La procédure d'agrément préalable et d'autorisation d'exportation

« La première étape consiste en l'obtention, par la société souhaitant exporter, d'un agrément préalable (AP) signé au nom du Premier ministre, après avis de la CIEEMG. Cet agrément préalable est nécessaire dès les premiers stades de la négociation entre l'exportateur français et son client potentiel.

« Les demandes d'agrément préalable sont déposées auprès du ministère de la défense qui vérifie leur recevabilité, puis elles sont transmises aux autres ministères dits « à voix délibérative », c'est-à-dire le ministère des affaires étrangères et le ministère de l'économie, des finances et de l'emploi, et au SGDN pour instruction des dossiers .

« Ces demandes sont ensuite examinées par la CIEEMG qui collationne les avis des différents ministères et émet un avis.

« Enfin, le Secrétaire général de la défense nationale, par délégation du Premier ministre, arrête les décisions sur les demandes d'agrément préalable. Certaines demandes peuvent être portées à la connaissance du cabinet du Premier ministre pour information, décision ou arbitrage en cas d'avis divergents entre les ministères.

« Les agréments préalables sont de deux types :

« - agrément préalable « négociation » d'une validité de trois ans permettant la diffusion de toute information nécessaire à la conclusion des termes d'un contrat mais excluant la signature de ce contrat ;

« - agrément préalable « vente » d'une validité de deux ans permettant la signature du contrat.

« La deuxième étape est l'obtention de l'autorisation d'exportation de matériels de guerre (AEMG) qui permet l'exportation physique des équipements militaires.

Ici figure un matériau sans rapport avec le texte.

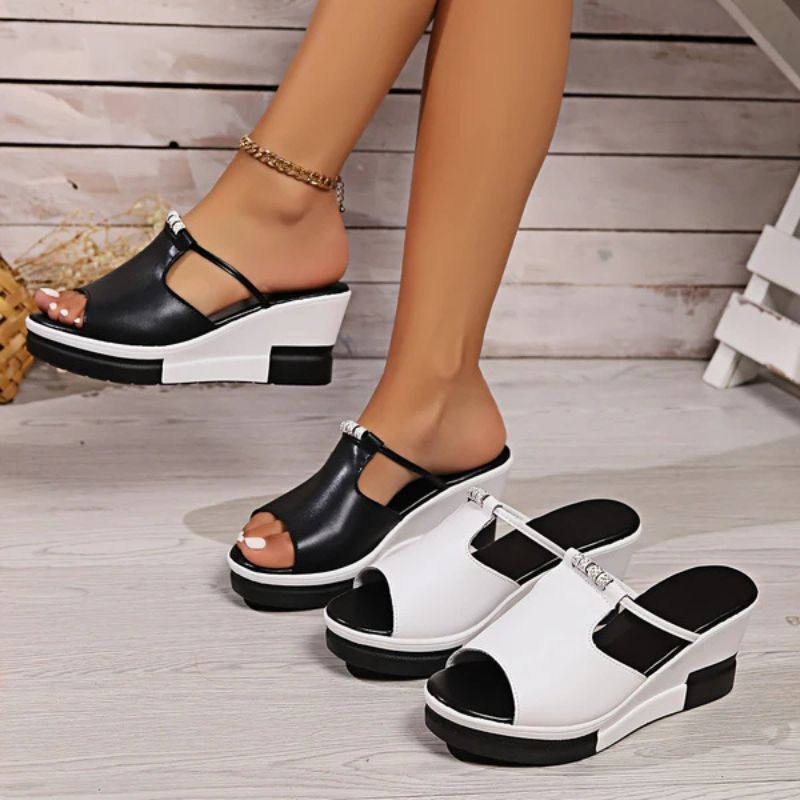 Carina | Damen Plateau Sandalen mit T-Riemen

Les demandes d'AEMG sont déposées auprès du ministère de la défense qui s'assure notamment que le contrat d'exportation signé en vertu de l'agrément préalable auquel elles font référence est conforme aux dispositions de celui-ci. Si le ministère de la défense, le ministère des affaires étrangères et européennes, le ministère de l'économie, des finances et de l'emploi et le SGDN donnent un avis favorable concernant la demande et qu'aucun n'en demande le passage en CIEEMG, le SGDN informe la Direction générale des douanes et droits indirects (DGDDI) qu'elle peut délivrer l'AEMG. Dans le cas contraire, la demande d'AEMG est examinée en CIEEMG et la décision est prise par le Premier ministre et notifiée par le ministre chargé des douanes.

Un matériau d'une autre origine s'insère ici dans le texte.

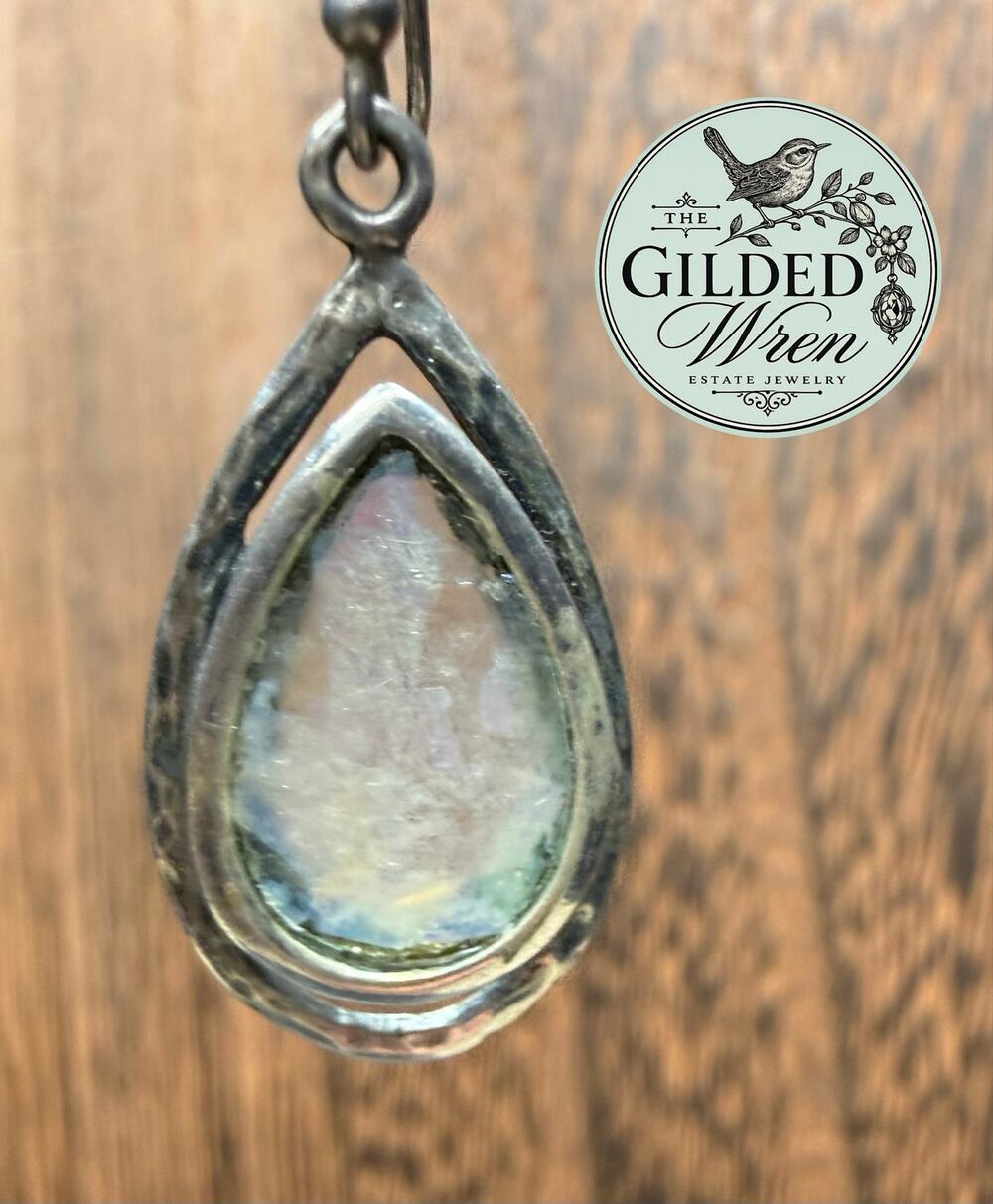 Sterling Silver Iridescent Glass Teardrop Dangle Earrings 2 Inch 5g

« Le processus décrit ci-dessus encadre de bout en bout les démarches entreprises par les industriels français en vue d'une exportation de matériels de guerre. Les industriels préparent donc leurs exportations d'armement en étroite collaboration avec l'administration française en prenant en compte les impératifs de l'Etat dans le cadre de sa politique d'exportation d'armement, en particulier pour garantir le respect de ses engagements internationaux ».

Source : CIEEMG

Pour définir la politique d'exportations d'armements de la France, la CIEEMG définit des directives politiques . Ces directives, destinées à guider la CIEEMG dans la formulation de ses avis, traitent trois questions principales : les pays clients, les équipements sensibles et les procédures.

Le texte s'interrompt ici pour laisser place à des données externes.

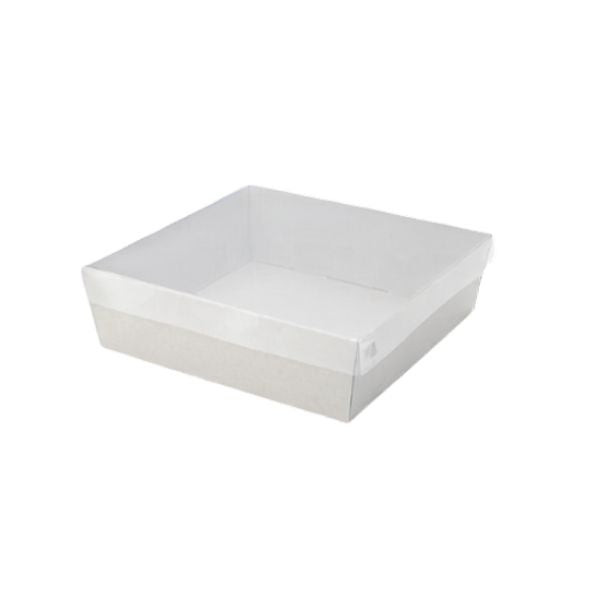 3pk Medium Square White Grazing Box with Clear PET lid (250x250x80mm)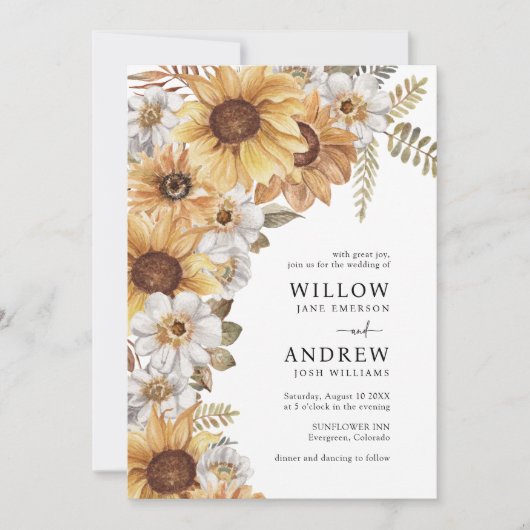 Invitations de mariage de tournesol rustique (Devant)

Dans ce contexte, un certain nombre d'évolutions sont apparues :

- un accroissement des demandes portant sur des équipements considérés comme sensibles, comme les missiles, les drones et les satellites ;

- l'accession d'un nombre croissant de pays au statut de producteur d'armements ;

- l'émergence de nouveaux risques, comme le détournement vers des groupes terroristes ou le copiage de technologies de pointe ;

- la possibilité pour les sociétés à filiales d'obtenir des autorisations dans certains pays dont les procédures sont moins exigeantes ;

- le rôle croissant d'intermédiaires et de sociétés spécialisées dans le courtage d'armements.

Par ailleurs, la France, tout en respectant les décisions de l'Organisation des Nations-Unies (ONU) sur les restrictions au commerce d'armements, s'est engagée, au niveau communautaire, dans une procédure de concertations et d'échanges d'informations avec ses principaux partenaires exportateurs d'armements (l'Allemagne, le Royaume-Uni, l'Italie, la Suède et l'Espagne).

* 5 La CIEEMG a été créée par le décret n° 55-965 du 16 juillet 1955 portant réorganisation de la commission interministérielle pour l'étude des exportations de matériels de guerre.